Practical implications of the High Court's decision
- Anticipatory BLOs are a real and available tool. The court has firmly endorsed the power to make a BLO before the underlying liability has been established, functioning "as what might be termed an indemnity". These will be of obvious benefit to claimants, allowing them to know in advance whether it will be worthwhile incurring the cost and expense of litigating against insolvent counterparties. It will also benefit the associates of insolvent defendants to know in advance "whether they will stand to be liable for the original body's liabilities".
- Corporate restructuring will be scrutinised. Where a group has restructured to isolate historic building safety liabilities - even where the restructuring was a legitimate business practice – this will be scrutinised. Companies that have placed contracting entities into administration following the emergence of building safety claims should expect close judicial scrutiny.
- Adjudication decisions are a "relevant liability" for the purposes of a BLO. The Court's ruling that an adjudicator's decision (and the obligation to comply with it) constitutes a relevant liability for the purposes of the BSA significantly expands the practical utility of construction adjudication in the building safety context. Parties obtaining favourable adjudication decisions against insolvent contractors can now seek to enforce those decisions directly against associated companies.
- DPA claims can be adjudicated. The Court has added its voice to the growing consensus that DPA claims fall within the scope of adjudication provisions referring to disputes "under the contract", applying the broad approach to construction endorsed by the House of Lords in the Fiona Trust case (which considered similar wording in the context of an arbitration clause).

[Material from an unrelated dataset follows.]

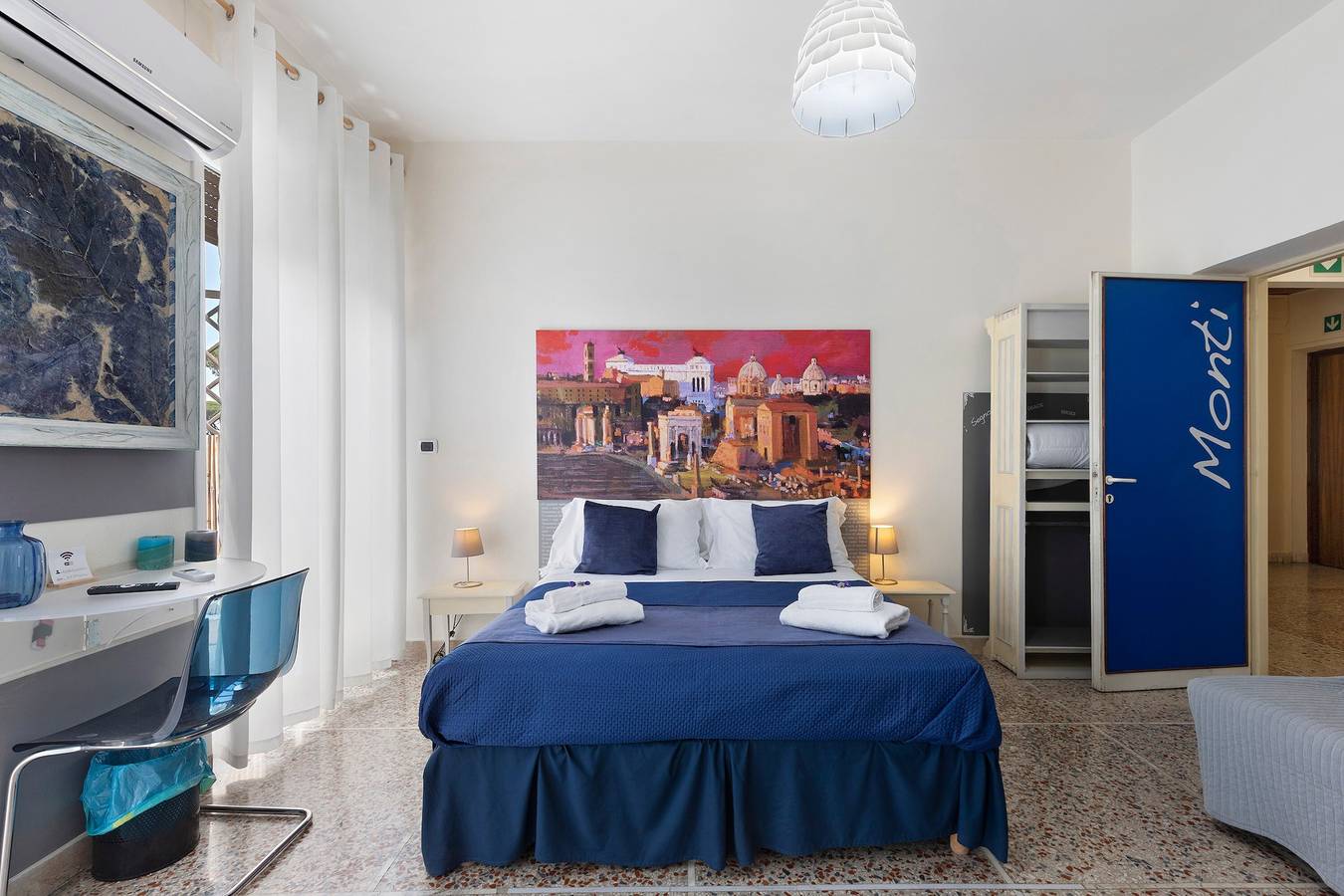 Zimmer 'Matrimoniale - Monti' mit Balkon, Wlan und Klimaanlage in Rom, Rom Provinz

- The "just and equitable" test is broad and fact-sensitive. The Court has resisted attempts to narrow or circumscribe the test, declining to set out exhaustive lists of factors or to require particular thresholds to be met. Each case will turn on its own facts.
- The Court has a wide discretion on the scope of a BLO. The finding that the Court may reduce or limit the relevant liability upon transmission — specifying, for example, that only a proportion of a relevant liability is subject to a BLO — provides a significant tool for balancing the interests of applicants and respondents.
Crest Nicholson v Ardmore represents a watershed moment in the development of the BLO regime under the BSA. The judgment demonstrates the willingness of the courts to give full effect to the legislative purpose of holding those responsible for building safety defects to account, even where the original contracting party is insolvent and the extent of liability remains to be determined at trial.
The message is clear: the corporate veil, and the protections of corporate structure more generally, will not prevent associated companies from being required to stand behind the liabilities of group members responsible for building safety defects. The interaction between the adjudication regime and the BSA, now confirmed by the Court, means that successful adjudication decisions can be leveraged as a powerful tool in the pursuit of redress from associated companies.
The case will also be of considerable interest to the adjudication community, given its endorsement of the application of Fiona Trust principles to adjudication clauses and its confirmation that DPA claims fall within the scope of standard adjudication provisions.